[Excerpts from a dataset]
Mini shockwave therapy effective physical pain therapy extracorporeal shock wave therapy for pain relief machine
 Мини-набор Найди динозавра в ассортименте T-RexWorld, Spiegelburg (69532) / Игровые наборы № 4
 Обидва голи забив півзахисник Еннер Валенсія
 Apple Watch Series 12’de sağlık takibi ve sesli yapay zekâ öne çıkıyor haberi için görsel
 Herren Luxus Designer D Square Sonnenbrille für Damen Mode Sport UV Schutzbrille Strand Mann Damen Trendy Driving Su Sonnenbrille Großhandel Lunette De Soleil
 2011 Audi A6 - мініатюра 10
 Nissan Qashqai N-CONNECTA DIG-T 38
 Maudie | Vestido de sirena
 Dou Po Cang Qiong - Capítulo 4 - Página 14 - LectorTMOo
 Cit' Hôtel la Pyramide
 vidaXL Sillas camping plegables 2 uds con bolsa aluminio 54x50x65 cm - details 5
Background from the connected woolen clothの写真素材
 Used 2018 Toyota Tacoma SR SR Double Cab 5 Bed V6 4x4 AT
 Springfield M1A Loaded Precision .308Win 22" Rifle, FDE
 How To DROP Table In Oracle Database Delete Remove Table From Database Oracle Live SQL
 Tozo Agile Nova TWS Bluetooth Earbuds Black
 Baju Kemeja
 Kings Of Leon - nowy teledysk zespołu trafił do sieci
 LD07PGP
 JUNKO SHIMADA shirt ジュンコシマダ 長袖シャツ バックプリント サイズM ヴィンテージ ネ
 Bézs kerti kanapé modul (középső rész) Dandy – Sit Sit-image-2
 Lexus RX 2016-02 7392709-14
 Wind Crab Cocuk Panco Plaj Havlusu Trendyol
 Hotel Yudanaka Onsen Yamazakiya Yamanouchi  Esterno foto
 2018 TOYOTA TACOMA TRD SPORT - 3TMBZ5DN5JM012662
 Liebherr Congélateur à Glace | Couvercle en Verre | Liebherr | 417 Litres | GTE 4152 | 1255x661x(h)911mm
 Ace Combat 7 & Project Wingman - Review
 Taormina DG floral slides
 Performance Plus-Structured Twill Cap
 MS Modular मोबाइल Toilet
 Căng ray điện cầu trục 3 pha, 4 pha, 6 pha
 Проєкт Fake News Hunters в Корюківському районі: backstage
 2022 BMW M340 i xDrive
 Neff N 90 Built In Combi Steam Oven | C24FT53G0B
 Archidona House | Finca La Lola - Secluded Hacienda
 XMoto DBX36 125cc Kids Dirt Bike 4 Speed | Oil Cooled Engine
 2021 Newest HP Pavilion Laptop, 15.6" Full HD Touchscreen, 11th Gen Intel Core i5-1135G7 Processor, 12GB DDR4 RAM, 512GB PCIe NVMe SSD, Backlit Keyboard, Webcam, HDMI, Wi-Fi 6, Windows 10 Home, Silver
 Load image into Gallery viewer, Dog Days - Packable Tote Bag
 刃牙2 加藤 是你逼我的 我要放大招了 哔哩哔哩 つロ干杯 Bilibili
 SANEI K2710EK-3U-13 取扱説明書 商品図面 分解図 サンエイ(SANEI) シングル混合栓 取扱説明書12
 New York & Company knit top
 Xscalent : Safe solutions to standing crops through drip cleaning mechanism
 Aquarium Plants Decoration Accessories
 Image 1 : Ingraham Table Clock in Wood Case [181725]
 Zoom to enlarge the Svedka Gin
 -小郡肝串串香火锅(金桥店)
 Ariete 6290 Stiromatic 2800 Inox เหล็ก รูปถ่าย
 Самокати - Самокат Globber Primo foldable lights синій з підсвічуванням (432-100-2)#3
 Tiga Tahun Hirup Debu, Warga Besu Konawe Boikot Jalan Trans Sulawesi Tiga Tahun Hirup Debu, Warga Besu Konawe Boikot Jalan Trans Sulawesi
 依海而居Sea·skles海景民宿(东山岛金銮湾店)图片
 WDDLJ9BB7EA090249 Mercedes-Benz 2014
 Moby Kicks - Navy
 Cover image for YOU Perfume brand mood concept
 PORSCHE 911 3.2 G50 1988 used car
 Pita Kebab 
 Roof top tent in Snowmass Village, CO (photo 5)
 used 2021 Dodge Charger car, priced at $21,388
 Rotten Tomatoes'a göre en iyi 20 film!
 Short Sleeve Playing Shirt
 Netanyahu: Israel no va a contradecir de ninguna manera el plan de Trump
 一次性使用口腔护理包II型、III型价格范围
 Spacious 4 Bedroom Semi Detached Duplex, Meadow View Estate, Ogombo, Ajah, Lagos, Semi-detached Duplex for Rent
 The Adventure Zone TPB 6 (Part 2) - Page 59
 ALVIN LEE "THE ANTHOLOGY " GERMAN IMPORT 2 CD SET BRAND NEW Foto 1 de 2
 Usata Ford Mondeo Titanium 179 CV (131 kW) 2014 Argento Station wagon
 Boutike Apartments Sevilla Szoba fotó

- WHAT TO DO
Repeat all entries. Match them exactly.

- ANSWER FOR THE TASK
Mini shockwave therapy effective physical pain therapy extracorporeal shock wave therapy for pain relief machine
 Мини-набор Найди динозавра в ассортименте T-RexWorld, Spiegelburg (69532) / Игровые наборы № 4
 Обидва голи забив півзахисник Еннер Валенсія
 Apple Watch Series 12’de sağlık takibi ve sesli yapay zekâ öne çıkıyor haberi için görsel
 Herren Luxus Designer D Square Sonnenbrille für Damen Mode Sport UV Schutzbrille Strand Mann Damen Trendy Driving Su Sonnenbrille Großhandel Lunette De Soleil
 2011 Audi A6 - мініатюра 10
 Nissan Qashqai N-CONNECTA DIG-T 38
 Maudie | Vestido de sirena
 Dou Po Cang Qiong - Capítulo 4 - Página 14 - LectorTMOo
 Cit' Hôtel la Pyramide
 vidaXL Sillas camping plegables 2 uds con bolsa aluminio 54x50x65 cm - details 5
Background from the connected woolen clothの写真素材
 Used 2018 Toyota Tacoma SR SR Double Cab 5 Bed V6 4x4 AT
 Springfield M1A Loaded Precision .308Win 22" Rifle, FDE
 How To DROP Table In Oracle Database Delete Remove Table From Database Oracle Live SQL
 Tozo Agile Nova TWS Bluetooth Earbuds Black
 Baju Kemeja
 Kings Of Leon - nowy teledysk zespołu trafił do sieci
 LD07PGP
 JUNKO SHIMADA shirt ジュンコシマダ 長袖シャツ バックプリント サイズM ヴィンテージ ネ
 Bézs kerti kanapé modul (középső rész) Dandy – Sit Sit-image-2
 Lexus RX 2016-02 7392709-14
 Wind Crab Cocuk Panco Plaj Havlusu Trendyol
 Hotel Yudanaka Onsen Yamazakiya Yamanouchi  Esterno foto
 2018 TOYOTA TACOMA TRD SPORT - 3TMBZ5DN5JM012662
 Liebherr Congélateur à Glace | Couvercle en Verre | Liebherr | 417 Litres | GTE 4152 | 1255x661x(h)911mm
 Ace Combat 7 & Project Wingman - Review
 Taormina DG floral slides
 Performance Plus-Structured Twill Cap
 MS Modular मोबाइल Toilet
 Căng ray điện cầu trục 3 pha, 4 pha, 6 pha
 Проєкт Fake News Hunters в Корюківському районі: backstage
 2022 BMW M340 i xDrive
 Neff N 90 Built In Combi Steam Oven | C24FT53G0B
 Archidona House | Finca La Lola - Secluded Hacienda
 XMoto DBX36 125cc Kids Dirt Bike 4 Speed | Oil Cooled Engine
 2021 Newest HP Pavilion Laptop, 15.6" Full HD Touchscreen, 11th Gen Intel Core i5-1135G7 Processor, 12GB DDR4 RAM, 512GB PCIe NVMe SSD, Backlit Keyboard, Webcam, HDMI, Wi-Fi 6, Windows 10 Home, Silver
 Load image into Gallery viewer, Dog Days - Packable Tote Bag
 刃牙2 加藤 是你逼我的 我要放大招了 哔哩哔哩 つロ干杯 Bilibili
 SANEI K2710EK-3U-13 取扱説明書 商品図面 分解図 サンエイ(SANEI) シングル混合栓 取扱説明書12
 New York & Company knit top
 Xscalent : Safe solutions to standing crops through drip cleaning mechanism
 Aquarium Plants Decoration Accessories
 Image 1 : Ingraham Table Clock in Wood Case [181725]
 Zoom to enlarge the Svedka Gin
 -小郡肝串串香火锅(金桥店)
 Ariete 6290 Stiromatic 2800 Inox เหล็ก รูปถ่าย
 Самокати - Самокат Globber Primo foldable lights синій з підсвічуванням (432-100-2)#3
 Tiga Tahun Hirup Debu, Warga Besu Konawe Boikot Jalan Trans Sulawesi Tiga Tahun Hirup Debu, Warga Besu Konawe Boikot Jalan Trans Sulawesi
 依海而居Sea·skles海景民宿(东山岛金銮湾店)图片
 WDDLJ9BB7EA090249 Mercedes-Benz 2014
 Moby Kicks - Navy
 Cover image for YOU Perfume brand mood concept
 PORSCHE 911 3.2 G50 1988 used car
 Pita Kebab 
 Roof top tent in Snowmass Village, CO (photo 5)
 used 2021 Dodge Charger car, priced at $21,388
 Rotten Tomatoes'a göre en iyi 20 film!
 Short Sleeve Playing Shirt
 Netanyahu: Israel no va a contradecir de ninguna manera el plan de Trump
 一次性使用口腔护理包II型、III型价格范围
 Spacious 4 Bedroom Semi Detached Duplex, Meadow View Estate, Ogombo, Ajah, Lagos, Semi-detached Duplex for Rent
 The Adventure Zone TPB 6 (Part 2) - Page 59
 ALVIN LEE "THE ANTHOLOGY " GERMAN IMPORT 2 CD SET BRAND NEW Foto 1 de 2
 Usata Ford Mondeo Titanium 179 CV (131 kW) 2014 Argento Station wagon
 Boutike Apartments Sevilla Szoba fotó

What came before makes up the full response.